Figures 1 through 4 show the full-time and part-time employment status before and after participation in Dislocated Worker. See more about the data sources used in this report in Appendix C. Read our definitions of race, class, and employment in Appendix D.

Dislocated Worker Program employment chart


Generally speaking, prior employment is a condition of enrollment in the Dislocated Worker program, which explains why nearly every participant is working prior to participation in the program. The exceptions to this are long-term unemployed individuals and individuals laid off from employment in other states (employment not covered by Minnesota's Wage Detail).

However, we do see disparities in full-time employment. Fewer than half of participants who were financially struggling prior to participation worked full time, compared with over 80% of those who were financially secure (Figure 1). Of course, according to our definition of class, everyone who was financially secure had at least a part-time job. Full-time employment rates range from a high of 78% among Asian or Pacific Islander participants to 62% among Black or African American participants (Figure 2).

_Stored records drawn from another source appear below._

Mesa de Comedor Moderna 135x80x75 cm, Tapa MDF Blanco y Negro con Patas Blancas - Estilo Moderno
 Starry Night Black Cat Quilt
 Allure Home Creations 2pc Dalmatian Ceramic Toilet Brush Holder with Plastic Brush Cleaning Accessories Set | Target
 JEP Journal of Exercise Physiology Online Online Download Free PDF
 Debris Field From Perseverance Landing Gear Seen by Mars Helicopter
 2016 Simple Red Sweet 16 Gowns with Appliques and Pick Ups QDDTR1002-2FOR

It is important to note that we do not know whether these part-time workers actually wanted full-time work. Among other things, part-time work may have allowed for family care or school attendance.

Across all race and class groups, employment levels in the year after program participation are lower than those in the year prior to program participation. Again, the share with no work is roughly similar across race and class groups—the employment disparity appears when looking at full-time employment. Among those who were financially struggling prior to program participation, only about one third found full-time employment after program participation—compared to nearly half among those who were financially secure (Figure 4). American Indian participants have a full-time employment rate of about one third, compared to nearly half of Asian or Pacific Islander participants (Figure 3).